WHAT TO WORK ON: With all pictures omitted, return verbatim the lines from the beginning of the records below through the line containing "Close up shot".

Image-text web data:
* * * * * * * * *

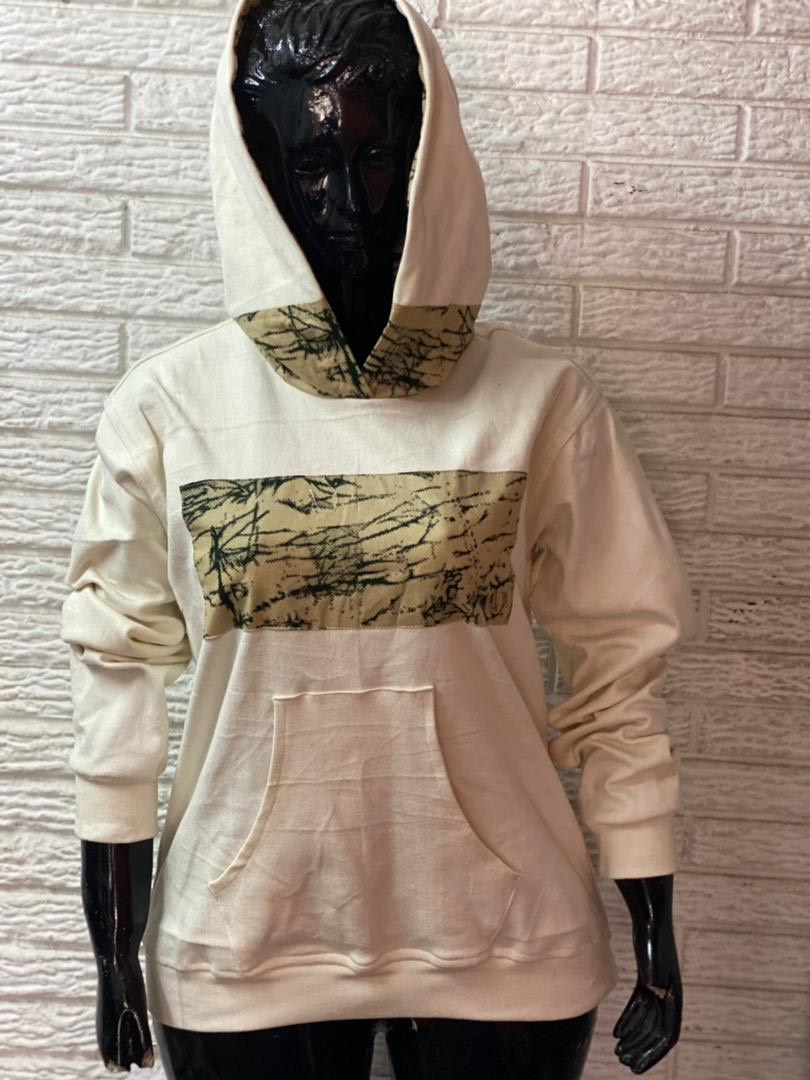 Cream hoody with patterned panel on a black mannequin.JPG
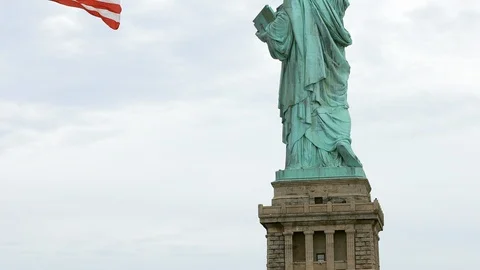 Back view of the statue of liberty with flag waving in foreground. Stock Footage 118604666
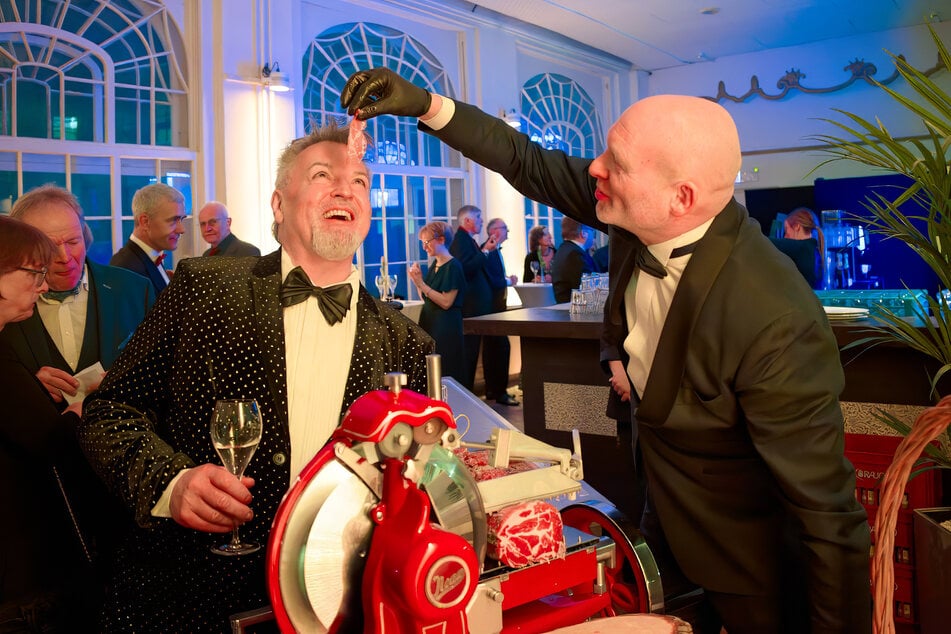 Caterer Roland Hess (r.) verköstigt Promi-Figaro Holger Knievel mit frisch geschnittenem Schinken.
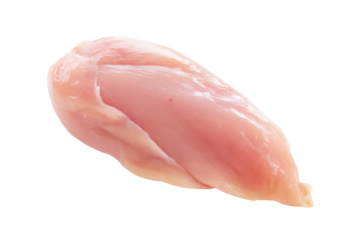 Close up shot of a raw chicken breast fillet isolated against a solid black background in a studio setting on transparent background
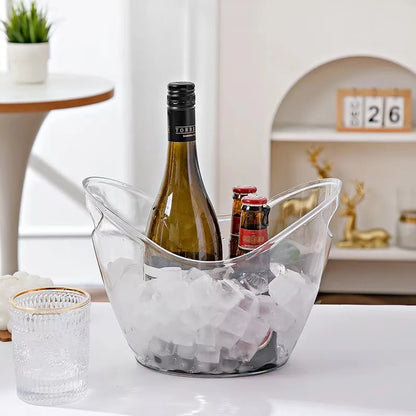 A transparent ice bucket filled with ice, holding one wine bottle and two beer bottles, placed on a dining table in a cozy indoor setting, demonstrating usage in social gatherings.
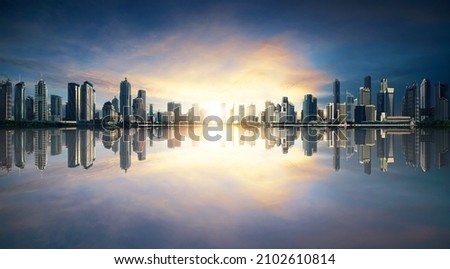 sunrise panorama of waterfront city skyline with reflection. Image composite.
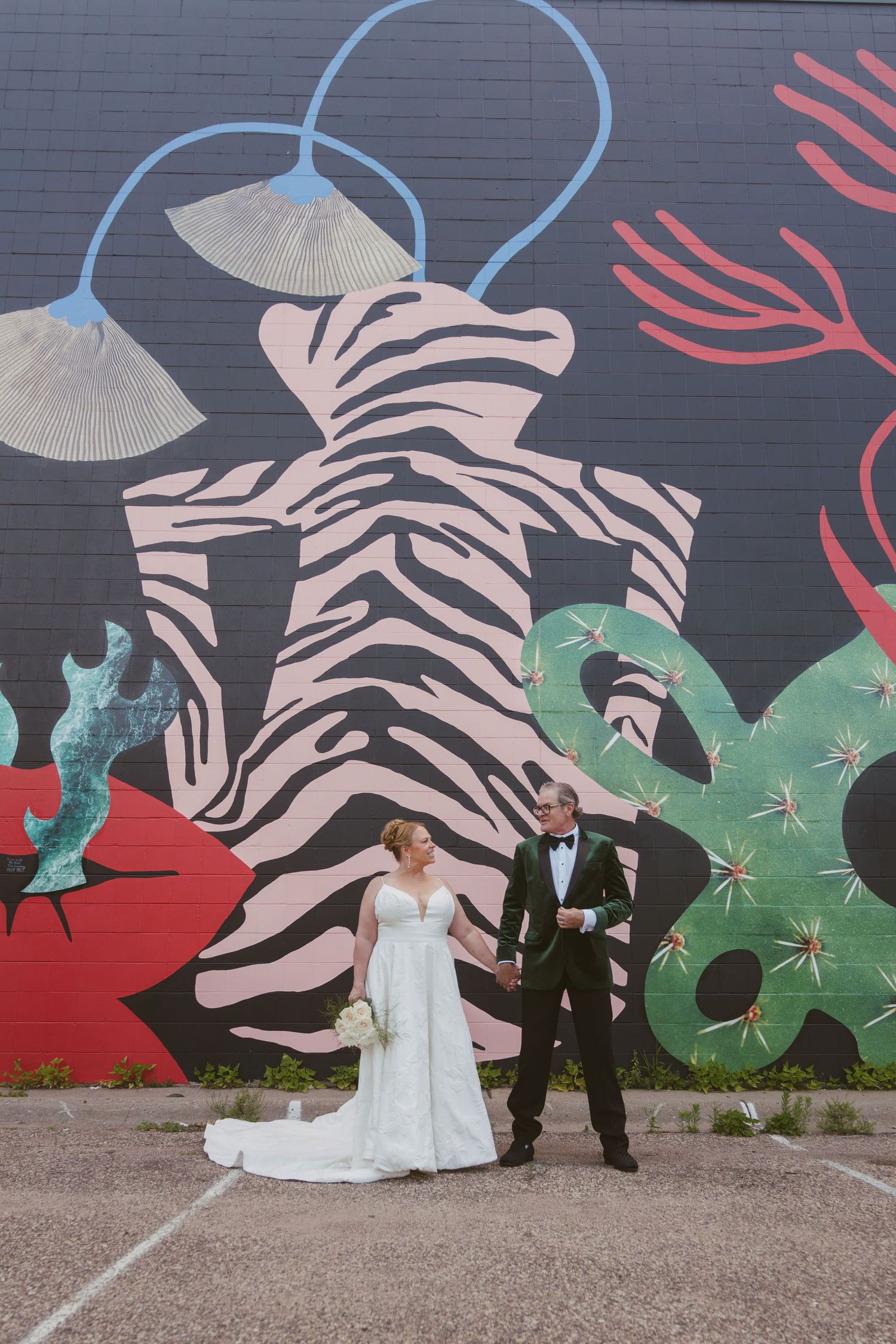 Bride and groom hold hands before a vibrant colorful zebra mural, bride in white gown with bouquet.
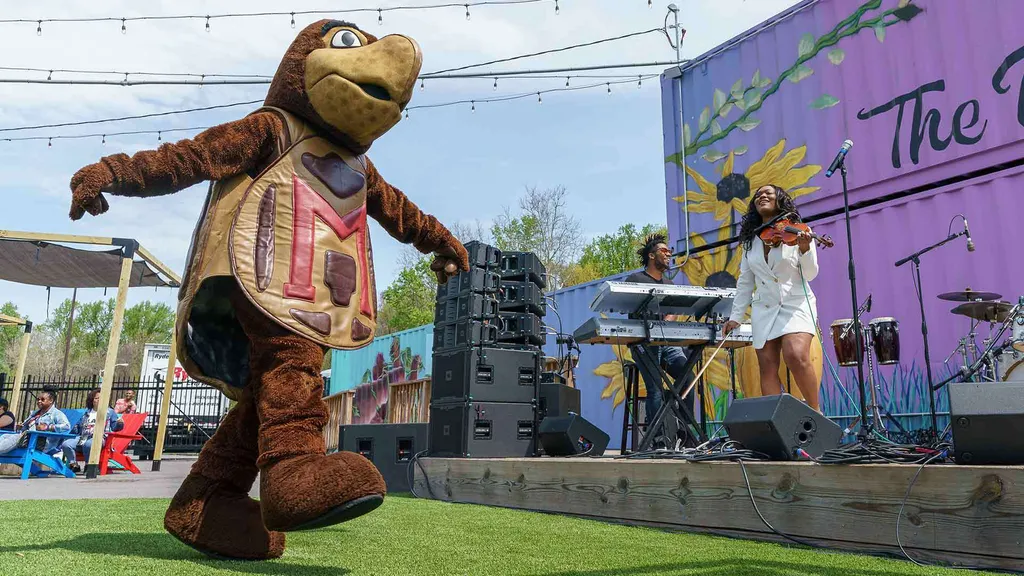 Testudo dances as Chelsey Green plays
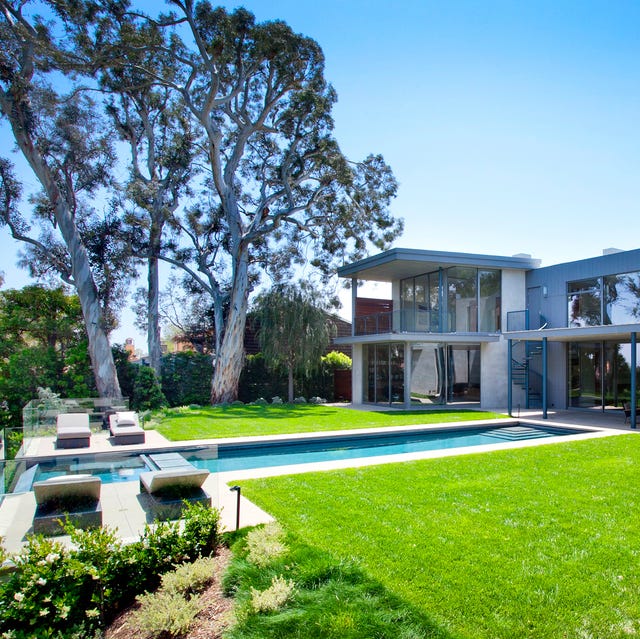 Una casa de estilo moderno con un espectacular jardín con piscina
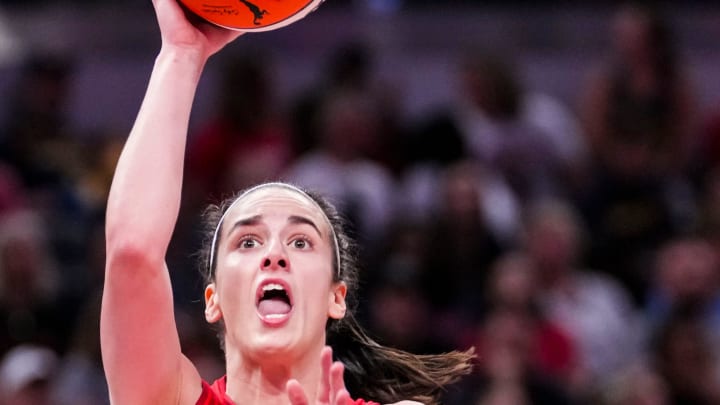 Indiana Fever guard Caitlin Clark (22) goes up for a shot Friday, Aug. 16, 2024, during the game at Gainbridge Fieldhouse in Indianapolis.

* * * * * * * * *

SOLUTION TO THIS TASK:
 Cream hoody with patterned panel on a black mannequin.JPG
 Back view of the statue of liberty with flag waving in foreground. Stock Footage 118604666
 Caterer Roland Hess (r.) verköstigt Promi-Figaro Holger Knievel mit frisch geschnittenem Schinken.
 Close up shot of a raw chicken breast fillet isolated against a solid black background in a studio setting on transparent background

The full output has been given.